___ EXERCISE DATA

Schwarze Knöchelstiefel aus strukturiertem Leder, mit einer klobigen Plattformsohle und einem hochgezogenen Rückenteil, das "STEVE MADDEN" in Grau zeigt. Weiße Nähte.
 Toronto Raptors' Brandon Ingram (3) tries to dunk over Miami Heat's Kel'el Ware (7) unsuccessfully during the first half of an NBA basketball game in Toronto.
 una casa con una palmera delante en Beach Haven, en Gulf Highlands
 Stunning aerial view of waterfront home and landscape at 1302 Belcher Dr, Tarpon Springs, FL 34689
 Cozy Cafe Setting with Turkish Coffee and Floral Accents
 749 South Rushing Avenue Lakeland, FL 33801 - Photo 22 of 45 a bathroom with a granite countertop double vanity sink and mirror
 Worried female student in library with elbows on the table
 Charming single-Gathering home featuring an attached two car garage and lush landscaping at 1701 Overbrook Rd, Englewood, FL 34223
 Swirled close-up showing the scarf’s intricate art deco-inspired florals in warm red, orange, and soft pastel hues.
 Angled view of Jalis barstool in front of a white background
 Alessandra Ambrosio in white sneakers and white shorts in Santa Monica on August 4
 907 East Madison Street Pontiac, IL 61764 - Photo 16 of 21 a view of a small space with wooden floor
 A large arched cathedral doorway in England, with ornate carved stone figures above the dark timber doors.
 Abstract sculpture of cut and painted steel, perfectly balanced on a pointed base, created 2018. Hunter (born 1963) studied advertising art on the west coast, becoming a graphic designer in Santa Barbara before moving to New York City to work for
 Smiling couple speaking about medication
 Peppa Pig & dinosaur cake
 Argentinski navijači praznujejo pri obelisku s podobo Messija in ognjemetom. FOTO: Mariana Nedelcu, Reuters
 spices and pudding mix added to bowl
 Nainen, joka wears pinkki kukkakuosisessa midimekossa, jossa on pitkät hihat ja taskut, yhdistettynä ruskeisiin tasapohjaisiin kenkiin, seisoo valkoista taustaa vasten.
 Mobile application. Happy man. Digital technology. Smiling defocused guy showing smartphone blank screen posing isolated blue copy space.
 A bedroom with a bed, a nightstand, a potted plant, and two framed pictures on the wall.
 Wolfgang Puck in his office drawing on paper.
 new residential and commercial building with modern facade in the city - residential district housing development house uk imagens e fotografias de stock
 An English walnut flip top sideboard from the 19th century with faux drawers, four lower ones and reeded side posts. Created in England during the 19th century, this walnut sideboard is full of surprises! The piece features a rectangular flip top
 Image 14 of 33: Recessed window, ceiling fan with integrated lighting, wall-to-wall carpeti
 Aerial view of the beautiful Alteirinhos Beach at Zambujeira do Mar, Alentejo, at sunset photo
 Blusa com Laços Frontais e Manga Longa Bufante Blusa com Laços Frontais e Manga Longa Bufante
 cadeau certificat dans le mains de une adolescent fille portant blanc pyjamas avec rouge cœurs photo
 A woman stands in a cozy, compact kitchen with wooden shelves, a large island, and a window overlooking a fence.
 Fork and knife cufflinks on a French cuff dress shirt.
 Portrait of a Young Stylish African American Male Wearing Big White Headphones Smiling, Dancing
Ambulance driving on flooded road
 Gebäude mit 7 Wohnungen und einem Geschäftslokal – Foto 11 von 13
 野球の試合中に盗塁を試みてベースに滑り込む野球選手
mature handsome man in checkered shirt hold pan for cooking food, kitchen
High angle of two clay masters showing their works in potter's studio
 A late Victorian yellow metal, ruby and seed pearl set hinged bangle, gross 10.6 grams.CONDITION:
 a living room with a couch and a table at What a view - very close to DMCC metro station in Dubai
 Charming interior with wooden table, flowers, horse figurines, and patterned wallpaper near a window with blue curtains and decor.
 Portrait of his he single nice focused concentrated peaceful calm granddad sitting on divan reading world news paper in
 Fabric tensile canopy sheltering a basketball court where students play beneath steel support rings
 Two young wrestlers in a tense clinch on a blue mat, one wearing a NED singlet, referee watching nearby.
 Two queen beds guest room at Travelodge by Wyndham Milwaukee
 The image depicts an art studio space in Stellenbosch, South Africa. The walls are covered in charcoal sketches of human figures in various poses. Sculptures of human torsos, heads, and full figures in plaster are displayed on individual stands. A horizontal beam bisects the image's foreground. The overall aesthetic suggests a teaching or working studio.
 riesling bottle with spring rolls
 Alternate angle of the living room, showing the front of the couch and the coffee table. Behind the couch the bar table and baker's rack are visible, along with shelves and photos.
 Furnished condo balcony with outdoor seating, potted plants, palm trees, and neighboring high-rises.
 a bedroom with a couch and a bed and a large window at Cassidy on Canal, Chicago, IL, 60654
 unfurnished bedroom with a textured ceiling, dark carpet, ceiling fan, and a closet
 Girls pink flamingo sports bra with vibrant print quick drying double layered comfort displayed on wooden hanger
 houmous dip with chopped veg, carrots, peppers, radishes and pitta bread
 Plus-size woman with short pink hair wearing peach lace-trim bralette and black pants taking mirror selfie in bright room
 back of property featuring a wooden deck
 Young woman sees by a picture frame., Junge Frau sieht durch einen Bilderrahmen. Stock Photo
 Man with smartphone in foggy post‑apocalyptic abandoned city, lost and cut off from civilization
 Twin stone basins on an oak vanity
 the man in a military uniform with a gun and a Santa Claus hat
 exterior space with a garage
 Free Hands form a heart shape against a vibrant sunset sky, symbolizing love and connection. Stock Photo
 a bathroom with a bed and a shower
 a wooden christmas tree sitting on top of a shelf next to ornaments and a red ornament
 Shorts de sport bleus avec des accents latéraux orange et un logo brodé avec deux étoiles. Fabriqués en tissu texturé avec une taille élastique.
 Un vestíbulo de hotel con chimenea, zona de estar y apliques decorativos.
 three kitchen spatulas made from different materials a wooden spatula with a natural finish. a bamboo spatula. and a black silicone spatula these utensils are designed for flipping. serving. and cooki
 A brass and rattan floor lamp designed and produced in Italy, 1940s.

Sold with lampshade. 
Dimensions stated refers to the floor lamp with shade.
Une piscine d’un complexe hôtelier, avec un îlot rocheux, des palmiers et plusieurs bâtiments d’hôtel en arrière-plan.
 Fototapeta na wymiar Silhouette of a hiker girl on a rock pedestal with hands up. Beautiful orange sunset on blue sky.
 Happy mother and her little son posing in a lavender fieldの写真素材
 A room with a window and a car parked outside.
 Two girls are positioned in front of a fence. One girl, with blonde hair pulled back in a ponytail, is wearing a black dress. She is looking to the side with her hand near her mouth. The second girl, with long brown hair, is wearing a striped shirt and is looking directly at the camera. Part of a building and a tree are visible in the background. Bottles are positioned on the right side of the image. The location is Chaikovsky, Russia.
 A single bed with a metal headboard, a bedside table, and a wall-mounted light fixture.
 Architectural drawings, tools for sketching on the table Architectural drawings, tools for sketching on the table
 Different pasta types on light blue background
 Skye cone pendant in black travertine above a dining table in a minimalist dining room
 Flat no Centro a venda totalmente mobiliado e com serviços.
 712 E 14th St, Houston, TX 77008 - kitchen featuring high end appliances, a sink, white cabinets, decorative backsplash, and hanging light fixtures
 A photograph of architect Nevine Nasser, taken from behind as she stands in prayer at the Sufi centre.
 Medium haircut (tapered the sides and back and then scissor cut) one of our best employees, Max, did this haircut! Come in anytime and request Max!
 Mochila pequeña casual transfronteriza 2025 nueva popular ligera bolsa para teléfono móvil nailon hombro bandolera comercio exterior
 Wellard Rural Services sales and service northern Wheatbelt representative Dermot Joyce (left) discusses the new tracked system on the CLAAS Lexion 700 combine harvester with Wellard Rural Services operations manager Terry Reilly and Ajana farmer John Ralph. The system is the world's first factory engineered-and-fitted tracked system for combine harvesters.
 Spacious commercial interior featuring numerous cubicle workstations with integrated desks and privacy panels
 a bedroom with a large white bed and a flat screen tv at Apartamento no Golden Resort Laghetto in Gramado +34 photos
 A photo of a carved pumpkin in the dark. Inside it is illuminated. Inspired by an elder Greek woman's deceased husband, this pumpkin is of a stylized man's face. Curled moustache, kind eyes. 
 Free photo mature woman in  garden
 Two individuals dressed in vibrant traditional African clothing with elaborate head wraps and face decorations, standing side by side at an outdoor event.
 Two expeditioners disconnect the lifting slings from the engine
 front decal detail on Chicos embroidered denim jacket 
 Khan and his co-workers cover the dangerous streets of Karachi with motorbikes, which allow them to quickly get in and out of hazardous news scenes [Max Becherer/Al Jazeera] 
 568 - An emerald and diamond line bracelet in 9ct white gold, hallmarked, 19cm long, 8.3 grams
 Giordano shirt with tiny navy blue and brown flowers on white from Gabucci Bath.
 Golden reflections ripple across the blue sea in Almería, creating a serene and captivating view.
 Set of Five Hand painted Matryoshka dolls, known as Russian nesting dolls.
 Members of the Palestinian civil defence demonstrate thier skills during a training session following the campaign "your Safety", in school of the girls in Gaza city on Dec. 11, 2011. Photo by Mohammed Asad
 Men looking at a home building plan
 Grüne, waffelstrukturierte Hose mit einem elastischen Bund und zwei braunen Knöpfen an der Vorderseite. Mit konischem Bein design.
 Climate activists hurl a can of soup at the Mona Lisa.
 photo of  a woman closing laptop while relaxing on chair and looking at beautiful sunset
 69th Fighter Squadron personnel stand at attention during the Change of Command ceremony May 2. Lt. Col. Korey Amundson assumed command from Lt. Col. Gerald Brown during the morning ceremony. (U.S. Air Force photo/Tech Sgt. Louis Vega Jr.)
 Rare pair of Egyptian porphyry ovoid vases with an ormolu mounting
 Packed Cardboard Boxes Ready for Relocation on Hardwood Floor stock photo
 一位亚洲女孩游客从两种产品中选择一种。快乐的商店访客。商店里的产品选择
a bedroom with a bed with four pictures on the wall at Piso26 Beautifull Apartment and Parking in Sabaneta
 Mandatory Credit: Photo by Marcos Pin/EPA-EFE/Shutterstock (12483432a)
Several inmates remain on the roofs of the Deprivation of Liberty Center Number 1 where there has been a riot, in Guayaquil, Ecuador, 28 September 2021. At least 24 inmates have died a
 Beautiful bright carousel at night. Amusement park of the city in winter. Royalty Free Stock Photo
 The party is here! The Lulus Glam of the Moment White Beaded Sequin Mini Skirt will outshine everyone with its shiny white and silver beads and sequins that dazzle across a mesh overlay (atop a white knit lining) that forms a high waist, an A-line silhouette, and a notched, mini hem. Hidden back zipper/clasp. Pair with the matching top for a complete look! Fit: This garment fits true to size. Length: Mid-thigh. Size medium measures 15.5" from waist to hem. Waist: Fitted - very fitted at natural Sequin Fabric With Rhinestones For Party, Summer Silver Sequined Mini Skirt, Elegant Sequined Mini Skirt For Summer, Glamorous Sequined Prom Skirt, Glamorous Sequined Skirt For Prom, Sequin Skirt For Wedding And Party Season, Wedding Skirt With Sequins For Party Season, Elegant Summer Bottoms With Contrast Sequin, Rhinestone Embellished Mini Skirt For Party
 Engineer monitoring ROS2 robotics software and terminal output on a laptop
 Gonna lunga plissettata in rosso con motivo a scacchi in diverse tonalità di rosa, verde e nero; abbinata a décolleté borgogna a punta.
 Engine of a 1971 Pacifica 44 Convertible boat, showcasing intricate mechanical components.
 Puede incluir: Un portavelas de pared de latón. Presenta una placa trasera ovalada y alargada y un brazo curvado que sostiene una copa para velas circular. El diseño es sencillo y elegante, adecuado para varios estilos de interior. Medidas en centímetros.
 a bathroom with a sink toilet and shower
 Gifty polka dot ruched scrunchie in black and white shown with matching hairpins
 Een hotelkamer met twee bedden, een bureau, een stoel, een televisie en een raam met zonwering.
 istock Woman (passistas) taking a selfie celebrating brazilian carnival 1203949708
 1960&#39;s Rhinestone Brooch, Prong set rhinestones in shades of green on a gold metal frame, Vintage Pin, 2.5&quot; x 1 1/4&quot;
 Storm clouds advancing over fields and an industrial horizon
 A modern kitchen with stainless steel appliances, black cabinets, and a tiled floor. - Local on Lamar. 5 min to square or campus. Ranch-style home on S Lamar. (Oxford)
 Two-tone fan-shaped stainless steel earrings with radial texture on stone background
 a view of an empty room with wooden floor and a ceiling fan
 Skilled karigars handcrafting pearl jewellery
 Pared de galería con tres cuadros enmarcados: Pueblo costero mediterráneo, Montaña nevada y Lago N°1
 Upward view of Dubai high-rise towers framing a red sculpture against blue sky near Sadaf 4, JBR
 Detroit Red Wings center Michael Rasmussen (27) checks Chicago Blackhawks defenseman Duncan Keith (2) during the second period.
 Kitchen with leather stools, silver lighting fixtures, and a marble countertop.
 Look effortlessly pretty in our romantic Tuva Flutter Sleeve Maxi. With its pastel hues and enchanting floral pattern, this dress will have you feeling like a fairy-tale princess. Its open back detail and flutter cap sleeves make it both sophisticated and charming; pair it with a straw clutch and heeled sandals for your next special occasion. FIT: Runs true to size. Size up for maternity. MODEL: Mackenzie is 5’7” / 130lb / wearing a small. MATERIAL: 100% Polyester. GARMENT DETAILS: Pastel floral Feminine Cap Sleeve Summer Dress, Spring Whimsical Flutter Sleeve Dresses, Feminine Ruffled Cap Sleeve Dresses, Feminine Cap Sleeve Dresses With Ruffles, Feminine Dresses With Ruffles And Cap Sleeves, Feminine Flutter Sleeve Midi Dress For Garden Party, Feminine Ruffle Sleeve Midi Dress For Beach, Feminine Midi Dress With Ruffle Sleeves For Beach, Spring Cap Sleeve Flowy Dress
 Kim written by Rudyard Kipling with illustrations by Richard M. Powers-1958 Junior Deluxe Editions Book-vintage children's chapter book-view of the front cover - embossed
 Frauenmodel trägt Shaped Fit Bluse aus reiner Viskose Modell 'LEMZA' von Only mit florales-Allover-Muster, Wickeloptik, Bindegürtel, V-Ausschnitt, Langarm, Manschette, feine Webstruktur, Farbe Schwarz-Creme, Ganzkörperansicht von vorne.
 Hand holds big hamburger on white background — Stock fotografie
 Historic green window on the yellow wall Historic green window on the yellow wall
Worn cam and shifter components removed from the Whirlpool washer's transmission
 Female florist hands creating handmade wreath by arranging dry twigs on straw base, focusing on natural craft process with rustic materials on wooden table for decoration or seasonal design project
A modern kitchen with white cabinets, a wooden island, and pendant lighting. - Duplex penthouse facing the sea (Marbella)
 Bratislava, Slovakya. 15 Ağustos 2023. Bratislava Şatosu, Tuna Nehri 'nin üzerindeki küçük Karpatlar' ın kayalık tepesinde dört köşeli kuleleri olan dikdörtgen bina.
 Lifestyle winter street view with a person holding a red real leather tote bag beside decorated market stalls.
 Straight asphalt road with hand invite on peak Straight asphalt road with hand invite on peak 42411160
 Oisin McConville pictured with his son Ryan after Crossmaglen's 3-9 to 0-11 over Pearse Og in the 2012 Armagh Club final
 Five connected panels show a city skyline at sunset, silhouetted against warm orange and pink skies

______

Lines with "Happy" in the records above: copy every one of them.

**RESULT FOR THIS EXERCISE:**
 Mobile application. Happy man. Digital technology. Smiling defocused guy showing smartphone blank screen posing isolated blue copy space.
 Happy mother and her little son posing in a lavender fieldの写真素材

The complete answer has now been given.